つい目を細めてニンマリと笑いながら、二人をからかいそうになる自分をマネ魂一つで何とか押さえつけて黙っていた俺は、こんな大人な対応が出来た自分を褒めてやりたい。
……いや、だけど、本当に、ときどき凄く不思議に思う。
二人の雰囲気はとても自然で
その光景がごく当たり前のように俺の目に映るところが…。
「 いい?平気かな? 」
「 はい、大丈夫です。本当にありがとうございます、敦賀さん 」
「 フ…どういたしまして 」
さりげない会話を繰り広げながら、スックと立ち上がった蓮の左手が何かをそっと握りしめたままズボンのポケットにしまわれた。

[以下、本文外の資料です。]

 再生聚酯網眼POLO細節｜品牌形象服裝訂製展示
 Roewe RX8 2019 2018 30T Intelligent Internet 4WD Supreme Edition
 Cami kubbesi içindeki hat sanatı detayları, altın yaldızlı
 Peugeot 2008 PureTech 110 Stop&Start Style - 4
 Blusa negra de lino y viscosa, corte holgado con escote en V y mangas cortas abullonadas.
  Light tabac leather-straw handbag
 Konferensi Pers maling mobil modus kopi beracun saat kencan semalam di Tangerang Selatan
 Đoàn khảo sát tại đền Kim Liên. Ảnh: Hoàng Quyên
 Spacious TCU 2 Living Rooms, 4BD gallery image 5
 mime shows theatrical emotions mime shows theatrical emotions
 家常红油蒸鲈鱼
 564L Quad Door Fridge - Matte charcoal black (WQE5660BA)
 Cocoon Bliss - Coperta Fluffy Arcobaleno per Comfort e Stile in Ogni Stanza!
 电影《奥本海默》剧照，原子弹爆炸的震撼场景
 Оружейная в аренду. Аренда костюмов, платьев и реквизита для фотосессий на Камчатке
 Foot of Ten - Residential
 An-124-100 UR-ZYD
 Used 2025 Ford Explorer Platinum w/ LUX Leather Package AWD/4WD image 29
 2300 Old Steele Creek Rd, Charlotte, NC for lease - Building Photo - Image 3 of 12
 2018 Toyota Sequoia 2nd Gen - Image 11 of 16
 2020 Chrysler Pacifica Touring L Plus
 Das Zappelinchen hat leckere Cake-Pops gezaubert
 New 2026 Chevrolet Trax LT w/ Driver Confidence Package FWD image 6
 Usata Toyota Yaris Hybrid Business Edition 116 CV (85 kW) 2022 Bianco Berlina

その動きは余りにさりげなさ過ぎて、きっとキョーコちゃんは気付けなかっただろうけど…。
なぁ蓮?
それ、可愛い彼女をおイタした罰をあとで与えてやろうって言うより、愛しい彼女の柔肌に触れた特別な小石として自分が引き取る…とか、そんなつもりだったりするのか?
そういう所が、蓮にはある。
どうかするとキョーコちゃんより蓮の方が、ときおりすっごく乙女な行動をするんだ。
道行く人は蓮を見るなりカッコイイ…と頬を染めて呟くけど。実態を知ったら絶対に俺と同じことを考えるだろうという確信がある。
「 社さん、行きますよ?考え事ですか? 」
「 ん?ああ、まあ、色々と思う所があってな… 」
「 はあ?LME事務所に向かう道すがらに、ですか?何かまたどうでも良い事に思考を傾けていただけ…とかじゃなくてですか? 」
「 どうでも良くはないだろ。お前のイメージ戦略についてだよ 」
「 ええっ?こんな瞬間でも社さん、敦賀さんの事を考えているんですか?ある意味、ラブラブ… 」
「 キョーコちゃん、それはヤメテ…。俺はただのマネージャーだから。敦賀蓮の… 」
ふふふ…と3人で笑みを漏らしながら
だけどいつか、伝えられたらいいな、と思った。
もしいつか
たとえばこの先
この二人が無事、パートナーとしてまとまったとき
自分より2歩後ろにいるキョーコちゃんの異変だって感じ取れるほど
蓮は君のことを、ずっと想っていたんだよ…って。
E N D
微笑ましい両片想い蓮キョ♡ヤッシーside
うふふ( ´艸`)♡…実は先日、近所の公園を横切るとき、敷き詰められた砂利石の一つが自分の靴にジャンプしてきた時にふと妄想をかまして誕生したお話です。